[VOIPSEC] Vonage To Make 911 An 'Opt-Out' Option
Kirill Bolshakov
kirill at sjlabs.com
Fri May 13 18:32:00 BST 2005
Robert Moskowitz wrote:
> At 12:53 AM 5/13/2005, Candace Holman wrote:
>
>> Some locations don't provide traditional 911 access for VoIP, it just
>> connects to an out of band administrative line at the answer point.
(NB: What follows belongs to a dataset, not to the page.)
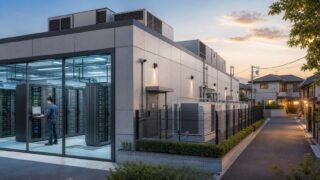 datacenter growth eyecatch 20260502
>> They are supposed to make sure that the answer point is aware that
>> emergency calls may come in on that admin line. But in terms of
>> security, instead of having to go to the trouble of snipping your
>> phone or cable wires, with this in place a criminal attacker can just
>> hack your Vonage account to disable your emergency communication line.
>
>
> How does one hack a Vonage account?
>
> I can only think of three ways: Standard SSL MITM attacks (requires
> shared media), Keystroke capturing spyware, attacks against Vonage
> account server. Number 2 is the most vunerable, it would seem. And the
> attacker would typically be after things other than disabling emergency
> communications?
>
>
> Robert Moskowitz
> Senior Technical Director
> ICSA Labs, a division of Cybertrust, Inc.
> W: 248-968-9809
> F: 248-968-2824
> VoIP: 248-291-0713
> E: rgm at icsalabs.com
>
> There's no limit to what can be accomplished if it doesn't matter who
> gets the credit
I would suggest considering a couple more ways of either getting into
the signaling path (for attacks on digest auth or for providing fake
servers) or obtaining the password:
If DNS is used, the attack may be mounted against the DNS server the
client is using. All SIP traffic gets redirected to the adversary's
server. Then setup a fake server (including fake emergency service),
mount an attack on digest auth, etc.
Using the achievements of the previous attack, or by simply calling the
user's UA, a PROTOS-like attack may be mounted against the UA software
implementation. In case there are flaws in the implementation, this will
lead to either DoS or remote control of the UA. In the latter case, an
attempt to fetch user's login/password is a natural step.